When making a device we often hear of executives, engineers and customers talk about how long they expect the product to last. An office device may have an expected life of 5 years, a solar power system – 30 years, and so on. If by duration we all agree that we expect 5 years of service on average, then using the average as the metric makes sense.

Before starting the use of MTBF, just make sure that a 5 year life implies half or two thirds of the devices will fail by the stated duration of 5 years. Yes, if the time to failure distribution is actually described by the exponential distribution (and a few other distributions) it means that two third of the units are expected to failure by the MTBF value. Thus if we set the goal to 5 years MTBF we imply half or more of the units will fail by 5 years.

## Product Testing Advantages

Having a goal helps the design and development team make decisions and eventually conduct testing to prove the design meets the reliability objectives. Setting the goal a the expected value allows the fewest number of samples for testing. Testing for 99% reliability over 5 years is much tougher. We may require many samples to determine a meaningful estimate of the leading tail (i.e. first 1% or 5% of failures) of the time to failure distribution.

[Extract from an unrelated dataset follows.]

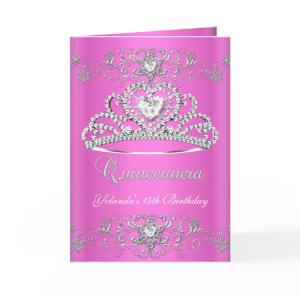 Folded Card Quinceanera Pink Glitter Tiara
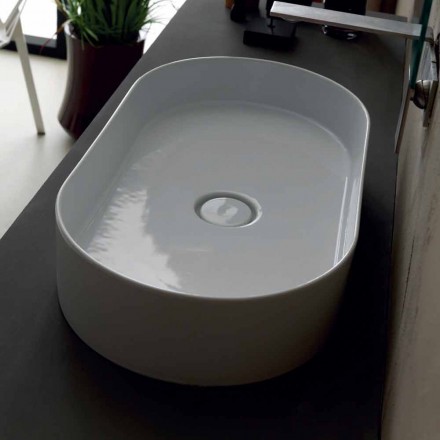 Lavabo da appoggio in ceramica design moderno Sun made Italy 65x35 cm Viadurini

If the time failure pattern fits an exponential distribution, then testing becomes simplified. We can test one unit for a long time, or many units a short time, and arrive at the same answer. The test planning can maximize our resources to efficiently prove our design meets the objective. When the chance of failure each hour is the same, every device-hour of testing provide an equal amount of information.

Unlike products that wear out or degrade with time, when the design and device exhibit an exponential distribution we do not need any aging studies. We can just apply use or accelerated stress and measure the hours of operation and count the failures. Also any early failures are obviously quality issues and most likely do not count toward failures that represent actual field failures. Or do they?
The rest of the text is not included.